MY PARTNER WAS DETECTIVE Helen
Soileau. She wore slacks and
men's shirts to work, seldom smiled or put on makeup, and faced you
with one foot cocked at an angle behind the other, in the same way a
martial artist strikes a defensive posture. Her face was lumpy, her
eyes unrelenting when they fixed on you, and her blond hair seemed
molded to her head like a plastic wig. She leaned on my office
windowsill with both arms and watched a trusty gardener edging the
sidewalk.
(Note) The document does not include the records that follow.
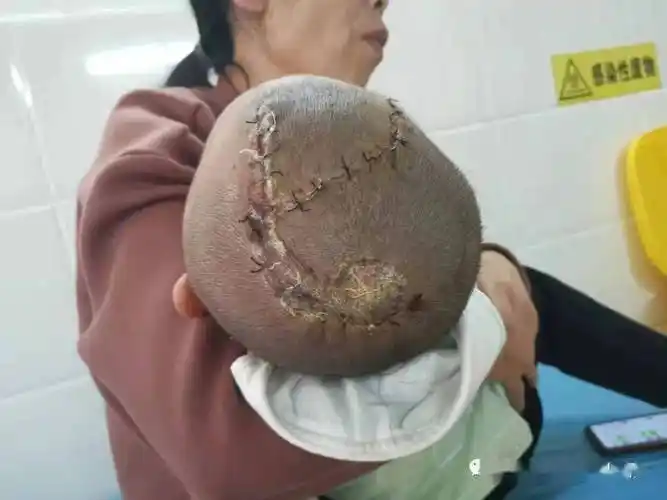 乾坤大挪移2岁女孩遇车祸头皮磨损仁福医院成功完成皮瓣转移术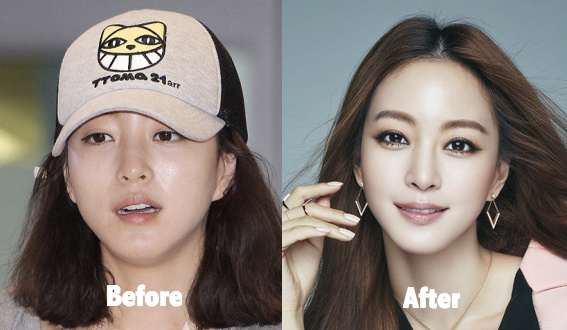 Han Ye Seul Plastic Surgery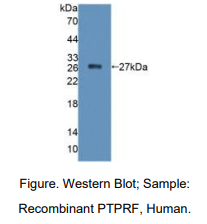 https://msimg.bioon.com/bionline/goods-no-pic.png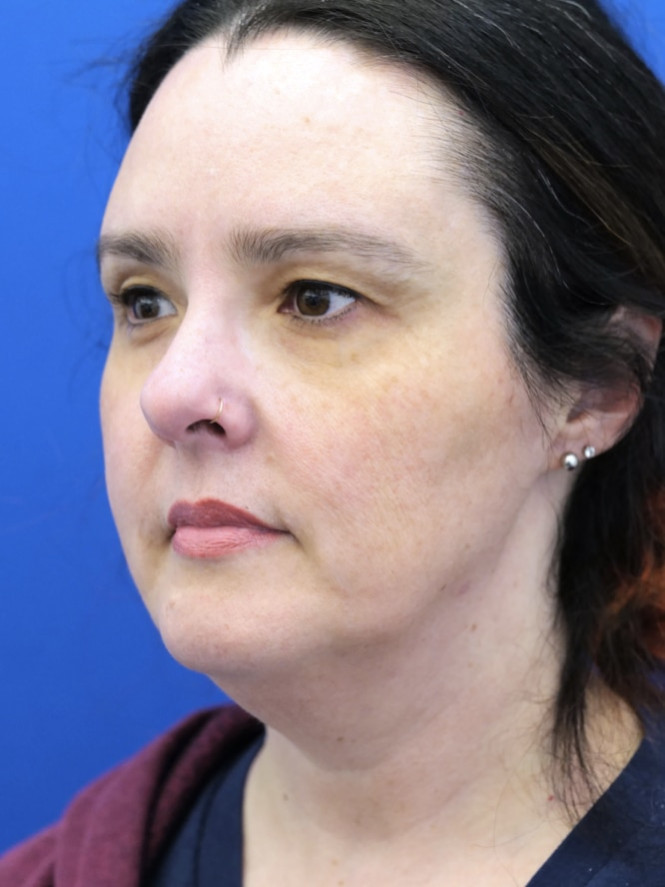 Awesome Jawline before photo. Individual results may vary.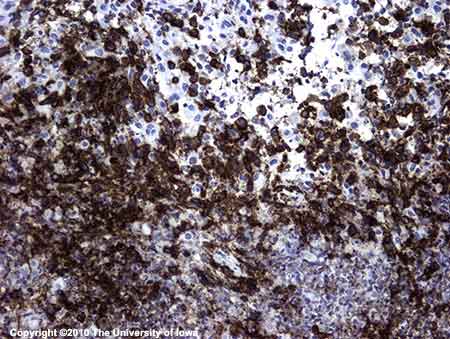 Figure 7: This 100x view demonstrates histiocytes present in the tissue, strongly positive with CD1a (brown), consistent with Langerhans cell histiocytosis 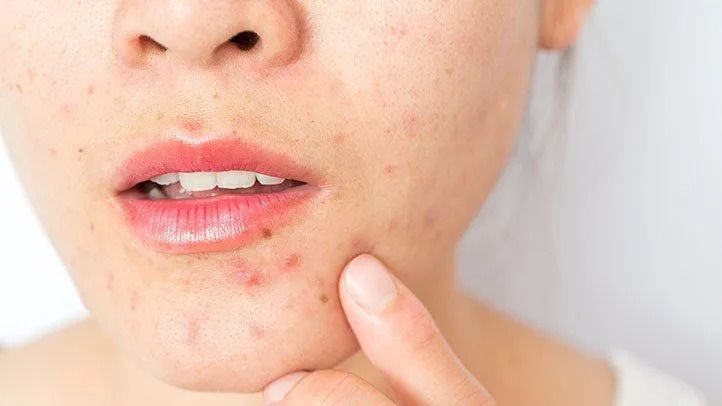 How to Avoid Breakouts: Your Ultimate Guide to Clear, Healthy Skin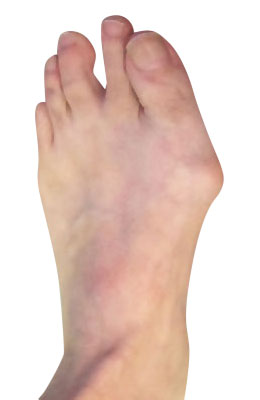 Bunion Surgery Before Picture, University Foot and Ankle Insitute, Lapidus Bunionecotmy Procedure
She wore a nine-millimeter automatic in a hand-tooled black
holster and a pair of handcuffs stuck through the back of her gunbelt.

"I met Miss Pisspot of 1962 at the jail this morning," she
said.

"Who?"

"That FBI agent, what's her name, Glazier. She thinks we set
up Cool Breeze Broussard to get clipped in our own jail."

"What's your take on it?"

"The mulatto's a pipehead. He says he thought Breeze was
somebody else, a guy who wanted to kill him because he banged the guy's
little sister."

"You buy it?" I asked.

"A guy who wears earrings through his nipples? Yeah, it's
possible. Do me a favor, will you?" she said.

"What's up?"

Her eyes tried to look casual. "Lila Terrebonne is sloshed at
the country club. The skipper wants me to drive her back to Jeanerette."